Add ShingleFilter option to output unigrams if no shingles can be generated [LUCENE-1370]

asfimport commented 16 years ago

Currently if ShingleFilter.outputUnigrams==false and the underlying token stream is only one token long, then ShingleFilter.next() won't return any tokens. This patch provides a new option, outputUnigramIfNoNgrams; if this option is set and the underlying stream is only one token long, then ShingleFilter will return that token, regardless of the setting of outputUnigrams.

My use case here is speeding up phrase queries. The technique is as follows:

First, doing index-time analysis using ShingleFilter (using outputUnigrams==true), thereby expanding things as follows:

"please divide this sentence into shingles" -> "please", "please divide" "divide", "divide this" "this", "this sentence" "sentence", "sentence into" "into", "into shingles" "shingles"

Second, do query-time analysis using ShingleFilter (using outputUnigrams==false and outputUnigramIfNoNgrams==true). If the user enters a phrase query, it will get tokenized in the following manner:

"please divide this sentence into shingles" -> "please divide" "divide this" "this sentence" "sentence into" "into shingles"

By doing phrase queries with bigrams like this, I can gain a very considerable speedup. Without the outputUnigramIfNoNgrams option, then a single word query would tokenize like this:

"please" -> [no tokens]

But thanks to outputUnigramIfNoNgrams, single words will now tokenize like this:

"please" -> "please"

****

The patch also adds a little to the pre-outputUnigramIfNoNgrams option tests.

****

I'm not sure if the patch in this state is useful to anyone else, but I thought I should throw it up here and try to find out.

Migrated from LUCENE-1370 by Chris Harris, 3 votes, resolved Oct 09 2010 Attachments: LUCENE-1370.patch (versions: 7), ShingleFilter.patch Linked issues:

SOLR-744

asfimport commented 16 years ago

Karl Wettin (migrated from JIRA)

It's an OK filter setting if you ask me.

However I'm curious to why you don't query for unigrams unless the input is a single token?
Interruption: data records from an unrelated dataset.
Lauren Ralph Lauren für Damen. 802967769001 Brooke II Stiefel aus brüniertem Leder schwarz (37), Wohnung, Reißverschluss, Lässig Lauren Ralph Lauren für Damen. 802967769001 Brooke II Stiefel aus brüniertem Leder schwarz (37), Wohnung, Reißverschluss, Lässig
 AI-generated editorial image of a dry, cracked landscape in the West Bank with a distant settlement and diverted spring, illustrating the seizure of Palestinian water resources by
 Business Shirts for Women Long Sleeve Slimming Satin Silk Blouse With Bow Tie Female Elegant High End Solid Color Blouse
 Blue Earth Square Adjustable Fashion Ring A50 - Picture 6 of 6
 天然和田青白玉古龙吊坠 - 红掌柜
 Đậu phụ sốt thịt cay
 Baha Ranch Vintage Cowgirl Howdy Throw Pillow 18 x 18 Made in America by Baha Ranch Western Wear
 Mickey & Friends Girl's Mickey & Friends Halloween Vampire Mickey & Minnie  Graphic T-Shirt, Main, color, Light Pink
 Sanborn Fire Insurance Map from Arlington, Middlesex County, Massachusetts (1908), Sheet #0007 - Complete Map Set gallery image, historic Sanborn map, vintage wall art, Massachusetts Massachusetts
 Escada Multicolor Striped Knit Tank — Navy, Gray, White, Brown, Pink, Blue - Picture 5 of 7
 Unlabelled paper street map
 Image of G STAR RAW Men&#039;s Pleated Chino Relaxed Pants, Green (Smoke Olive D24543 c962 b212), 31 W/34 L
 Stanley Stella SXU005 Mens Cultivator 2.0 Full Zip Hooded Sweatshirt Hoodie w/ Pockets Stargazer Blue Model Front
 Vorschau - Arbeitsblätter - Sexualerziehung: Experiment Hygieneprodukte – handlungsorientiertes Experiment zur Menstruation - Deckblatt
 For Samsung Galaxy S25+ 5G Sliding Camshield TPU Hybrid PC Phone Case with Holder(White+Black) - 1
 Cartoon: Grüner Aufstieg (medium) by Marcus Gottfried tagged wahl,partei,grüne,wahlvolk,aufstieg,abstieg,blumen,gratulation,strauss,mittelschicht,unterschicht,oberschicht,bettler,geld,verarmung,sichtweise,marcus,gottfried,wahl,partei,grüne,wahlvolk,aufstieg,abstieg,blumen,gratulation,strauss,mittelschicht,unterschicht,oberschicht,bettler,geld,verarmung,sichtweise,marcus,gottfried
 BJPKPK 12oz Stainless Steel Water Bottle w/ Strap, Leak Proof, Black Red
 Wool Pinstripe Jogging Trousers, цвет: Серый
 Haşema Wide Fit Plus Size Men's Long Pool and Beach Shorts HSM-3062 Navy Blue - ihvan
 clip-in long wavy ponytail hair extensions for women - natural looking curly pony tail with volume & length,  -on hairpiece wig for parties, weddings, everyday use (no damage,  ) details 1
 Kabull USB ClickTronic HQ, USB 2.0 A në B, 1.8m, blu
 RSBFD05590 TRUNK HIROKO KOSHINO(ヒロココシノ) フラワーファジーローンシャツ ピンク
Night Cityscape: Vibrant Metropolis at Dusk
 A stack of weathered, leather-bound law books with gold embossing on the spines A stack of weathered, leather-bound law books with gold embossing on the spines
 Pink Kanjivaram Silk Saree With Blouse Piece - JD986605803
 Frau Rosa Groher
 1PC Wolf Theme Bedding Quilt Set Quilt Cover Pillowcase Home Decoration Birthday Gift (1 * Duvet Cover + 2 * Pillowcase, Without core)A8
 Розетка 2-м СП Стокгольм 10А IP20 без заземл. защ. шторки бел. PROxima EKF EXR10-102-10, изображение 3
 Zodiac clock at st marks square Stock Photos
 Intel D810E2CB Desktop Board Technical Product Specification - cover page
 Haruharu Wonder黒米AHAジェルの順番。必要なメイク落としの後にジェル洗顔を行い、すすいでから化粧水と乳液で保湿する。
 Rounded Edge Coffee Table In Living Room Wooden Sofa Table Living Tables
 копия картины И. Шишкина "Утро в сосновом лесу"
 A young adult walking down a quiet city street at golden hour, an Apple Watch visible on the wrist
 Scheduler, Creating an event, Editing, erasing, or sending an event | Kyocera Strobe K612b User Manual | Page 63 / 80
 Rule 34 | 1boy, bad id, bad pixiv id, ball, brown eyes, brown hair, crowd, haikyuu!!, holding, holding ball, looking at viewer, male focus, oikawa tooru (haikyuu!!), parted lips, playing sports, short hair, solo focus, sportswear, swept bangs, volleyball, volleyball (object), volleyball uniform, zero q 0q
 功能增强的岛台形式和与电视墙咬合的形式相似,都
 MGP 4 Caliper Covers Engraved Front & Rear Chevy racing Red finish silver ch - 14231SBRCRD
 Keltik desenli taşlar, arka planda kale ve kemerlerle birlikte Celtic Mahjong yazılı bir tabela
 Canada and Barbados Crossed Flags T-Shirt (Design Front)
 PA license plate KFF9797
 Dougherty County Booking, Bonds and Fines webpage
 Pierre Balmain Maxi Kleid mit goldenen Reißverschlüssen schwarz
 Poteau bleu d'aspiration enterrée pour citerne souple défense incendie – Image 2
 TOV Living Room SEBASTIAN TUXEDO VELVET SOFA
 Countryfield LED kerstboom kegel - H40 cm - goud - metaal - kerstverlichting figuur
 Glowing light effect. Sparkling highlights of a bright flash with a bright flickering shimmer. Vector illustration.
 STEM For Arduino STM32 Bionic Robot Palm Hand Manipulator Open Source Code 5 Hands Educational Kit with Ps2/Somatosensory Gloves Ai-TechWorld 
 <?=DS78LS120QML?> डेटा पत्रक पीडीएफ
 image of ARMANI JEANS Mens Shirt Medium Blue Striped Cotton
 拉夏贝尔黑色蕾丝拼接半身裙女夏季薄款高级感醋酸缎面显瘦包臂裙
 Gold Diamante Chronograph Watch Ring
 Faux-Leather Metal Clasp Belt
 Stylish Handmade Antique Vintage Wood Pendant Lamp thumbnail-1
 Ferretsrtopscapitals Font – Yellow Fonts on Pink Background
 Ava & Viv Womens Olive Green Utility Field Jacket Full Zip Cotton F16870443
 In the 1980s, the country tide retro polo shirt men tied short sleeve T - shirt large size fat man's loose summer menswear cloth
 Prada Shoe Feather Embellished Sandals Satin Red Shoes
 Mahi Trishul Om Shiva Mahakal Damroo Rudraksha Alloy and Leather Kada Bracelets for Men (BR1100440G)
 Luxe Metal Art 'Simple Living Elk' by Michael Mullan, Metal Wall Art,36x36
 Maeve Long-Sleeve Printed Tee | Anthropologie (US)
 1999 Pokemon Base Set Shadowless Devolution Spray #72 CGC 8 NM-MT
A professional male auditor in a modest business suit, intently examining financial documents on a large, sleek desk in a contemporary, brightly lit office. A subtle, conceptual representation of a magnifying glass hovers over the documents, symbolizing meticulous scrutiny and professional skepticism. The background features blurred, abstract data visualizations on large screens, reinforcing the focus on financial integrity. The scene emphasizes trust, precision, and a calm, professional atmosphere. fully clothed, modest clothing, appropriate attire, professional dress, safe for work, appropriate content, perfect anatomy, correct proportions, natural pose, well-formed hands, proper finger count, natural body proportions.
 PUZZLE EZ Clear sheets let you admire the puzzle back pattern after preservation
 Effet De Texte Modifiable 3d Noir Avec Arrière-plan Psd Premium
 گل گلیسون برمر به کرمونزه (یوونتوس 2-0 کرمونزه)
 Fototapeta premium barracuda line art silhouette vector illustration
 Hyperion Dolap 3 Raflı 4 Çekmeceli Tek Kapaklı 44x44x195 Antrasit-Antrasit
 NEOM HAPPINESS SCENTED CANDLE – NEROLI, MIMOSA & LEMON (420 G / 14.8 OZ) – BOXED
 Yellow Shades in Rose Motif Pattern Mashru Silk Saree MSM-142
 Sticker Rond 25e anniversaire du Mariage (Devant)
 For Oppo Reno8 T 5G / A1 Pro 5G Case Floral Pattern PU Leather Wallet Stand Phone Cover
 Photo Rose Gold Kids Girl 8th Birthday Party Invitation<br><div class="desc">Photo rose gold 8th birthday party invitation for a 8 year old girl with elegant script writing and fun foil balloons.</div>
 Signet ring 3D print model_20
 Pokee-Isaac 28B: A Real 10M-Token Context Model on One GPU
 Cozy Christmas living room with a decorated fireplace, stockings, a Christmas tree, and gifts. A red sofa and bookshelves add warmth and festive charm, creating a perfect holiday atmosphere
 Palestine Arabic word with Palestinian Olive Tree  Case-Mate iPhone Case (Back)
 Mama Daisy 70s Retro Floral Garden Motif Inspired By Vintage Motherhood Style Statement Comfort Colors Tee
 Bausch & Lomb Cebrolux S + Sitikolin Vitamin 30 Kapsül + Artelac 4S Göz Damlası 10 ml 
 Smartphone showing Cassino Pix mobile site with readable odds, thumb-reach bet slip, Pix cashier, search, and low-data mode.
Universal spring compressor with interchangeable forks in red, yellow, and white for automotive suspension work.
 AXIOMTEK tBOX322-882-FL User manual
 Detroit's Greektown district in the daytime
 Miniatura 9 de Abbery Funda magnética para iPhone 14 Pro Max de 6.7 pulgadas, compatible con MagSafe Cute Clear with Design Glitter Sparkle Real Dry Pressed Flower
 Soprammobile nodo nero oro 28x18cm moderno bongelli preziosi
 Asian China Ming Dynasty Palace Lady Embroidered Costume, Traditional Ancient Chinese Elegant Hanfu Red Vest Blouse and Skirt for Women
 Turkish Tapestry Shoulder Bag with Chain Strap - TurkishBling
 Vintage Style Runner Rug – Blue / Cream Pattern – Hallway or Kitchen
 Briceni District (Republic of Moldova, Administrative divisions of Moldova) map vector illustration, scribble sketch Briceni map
That means you always require a 0-slop between any two tokens of the input. I know nothing about your needs, but it could be dangerous. You can always boost the bigrams a bit more than the unigrams if they cause a problem. I think you should benchmark the cost. I'm sure it's rather small and that you'll get better quality results by doing that. Users tend to never enter a query the way I want them to.

asfimport commented 16 years ago

Chris Harris (migrated from JIRA)

Karl, that's a good point about my setup being incompatible with non-0 slop. However, the performance gains I'm seeing with this patch on my data are substantial. When I last tested on the same index, same machine, same # of threads in my testing process, etc., and went from analyzing my queries with

outputUnigrams==true

to analyzing with

using outputUnigrams==false and outputUnigramIfNoNgrams==true

phrase queries ended up performing something like 50x as fast. Which is good, because the initial performance wasn't acceptable.

The performance gains from outputUnigramIfNoNgrams were greater than those from when I instead tried moving the index to a solid state drive. (It was a a fairly entry-level SSD drive, but still.) It would be interesting to compare to moving to a machine with an obscene amount of RAM. (Not quite sure what would count as "obscene", but my index is 90+GB. Maybe half of that is taken up by stored fields.)

asfimport commented 16 years ago

Karl Wettin (migrated from JIRA)

Do you say it is 50x faster with shingle queries that only contains bigram compared to shingle queries that contains uni- and bigrams? Or is it 50x faster using shingles compared to phrase queries? (I've myself seen performance gains similar to the latter.)

asfimport commented 16 years ago

Chris Harris (migrated from JIRA)

: Do you say it is 50x faster with shingle queries that only contains bigram : compared to shingle queries that contains uni- and bigrams? Or is it 50x : faster using shingles compared to phrase queries? (I've myself seen : performance gains similar to the latter.)

I'm not sure I totally understand you, so let me try rephrasing things. What I mean is that phrase queries that have only bigrams, like this:

PhraseQuery { "please divide" "divide this" "this sentence" "sentence into" "into shingles" }

run maybe 50x as fast as phrase queries that have both bigrams and unigrams, like this:

PhraseQuery { "please", "please divide" "divide", "divide this" "this", "this sentence" "sentence", "sentence into" "into", "into shingles" "shingles" }

If it clarifies things any further, let me say that I'm handling all quoted phrase queries with the normal PhraseQuery class; I'm not, for instance, turning quoted phrases into some kind of BooleanQuery. (Technically it's not me that's making the PhraseQuery object but Solr and its query parser. But Solr is indeed turning my quoted phrase queries into normal PhraseQuery objects.)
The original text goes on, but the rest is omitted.